Brian Brown, Rocket’s chief accounting officer, will take over for Julie Booth as chief financial officer and treasurer on Nov. 15, the company announced Monday.

Brown, 43, joined Rocket in 2014 and has been “a crucial member of Rocket Companies’ investor relations efforts” since the company’s August 2020 initial public offering, “regularly meeting with investors and helping to set strategy,” the company said. Brown was previously a consultant with EY, where he worked with publicly traded financial services companies.

Tina John

On Oct. 3, Tina John took over Angelo Vitale’s role as general counsel.
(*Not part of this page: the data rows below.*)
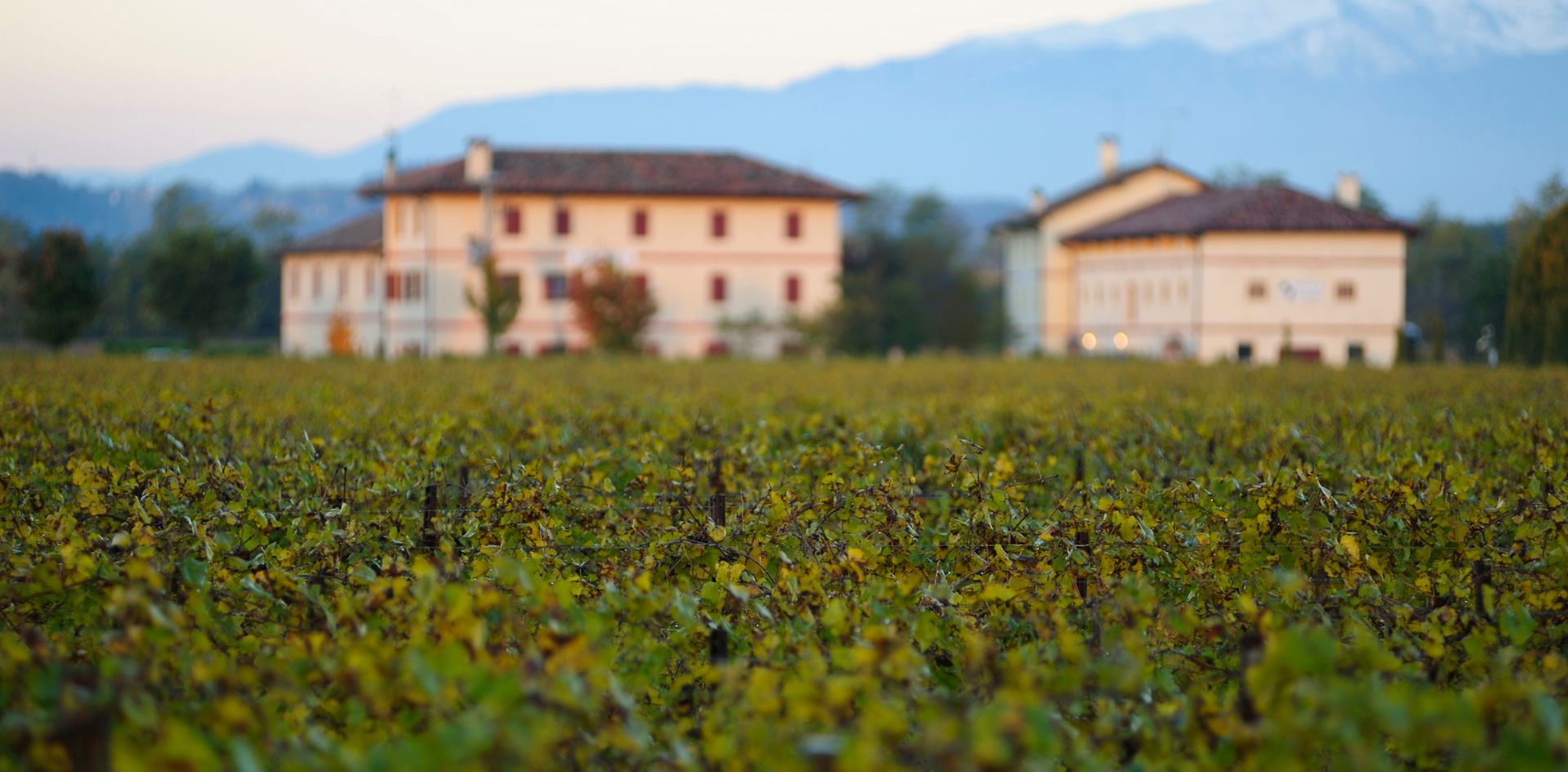 Negozio aziendale Borgoluce - foto 1
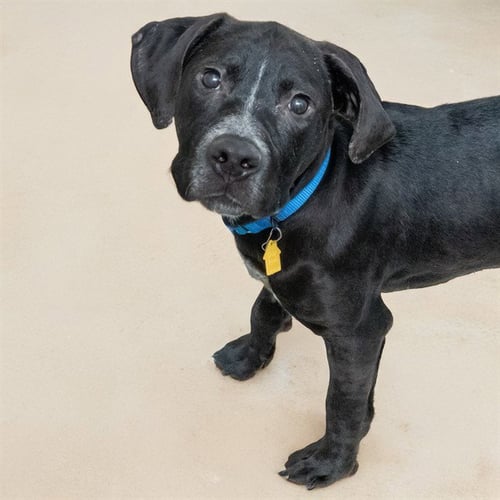 ODEN - Pit Bull Terrier for adoption in St. Louis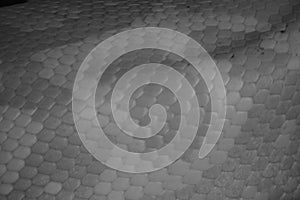 Burmese python looking out at the world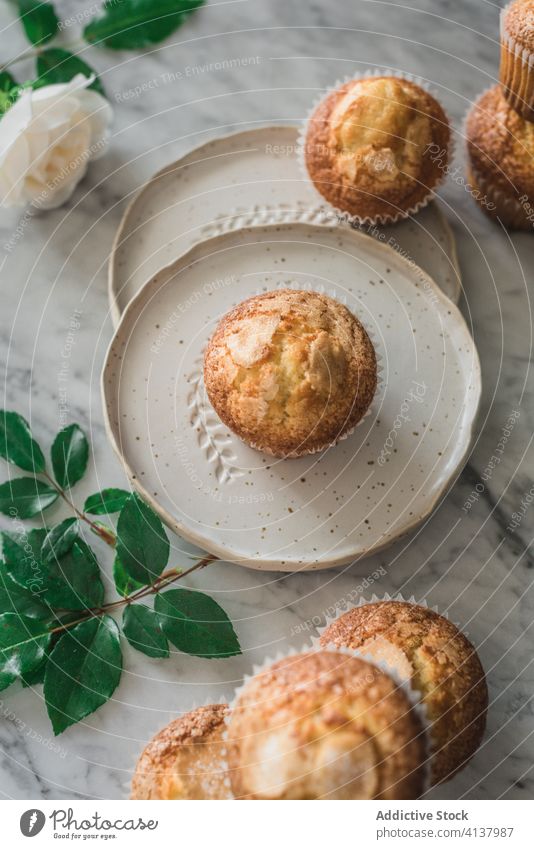 Delicious cupcakes in composition with bouquet of fragrant white flowers in vase on table food treat rose meal dessert pastry leaf fresh nutrition bloom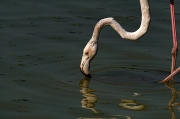 Flamenc  (Phoenicopterus ruber)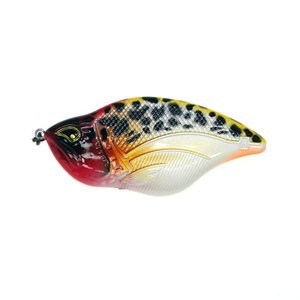 Rozemeijer Maori Maori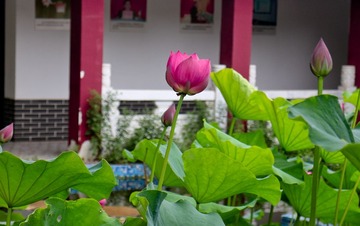 IMG_6710-1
John joined Rocket after its IPO and as deputy general counsel and assistant secretary worked closely with the company’s board of directors. John, who before joining Rocket led the corporate governance and securities practice at Abercrombie & Fitch, has specialized in capital markets and public company guidance during her 15-year legal career.

Jay Farner

“Tina has quickly proven herself to be a great legal expert and the obvious choice to fill Angelo’s big shoes,” Rocket CEO Jay Farner said in a statement. “Since joining the company, she has worked very closely with its leaders. It’s clear that her skill, strong knowledge and ability to build a team will make her a significant asset to our business.”

In a regulatory filing, Rocket said Brown and Vitale will continue to earn $100,000 a year: Booth as a strategic advisor and Vitale taking on an “of counsel” role. Vitale also stands to receive separation pay of up to $210,000.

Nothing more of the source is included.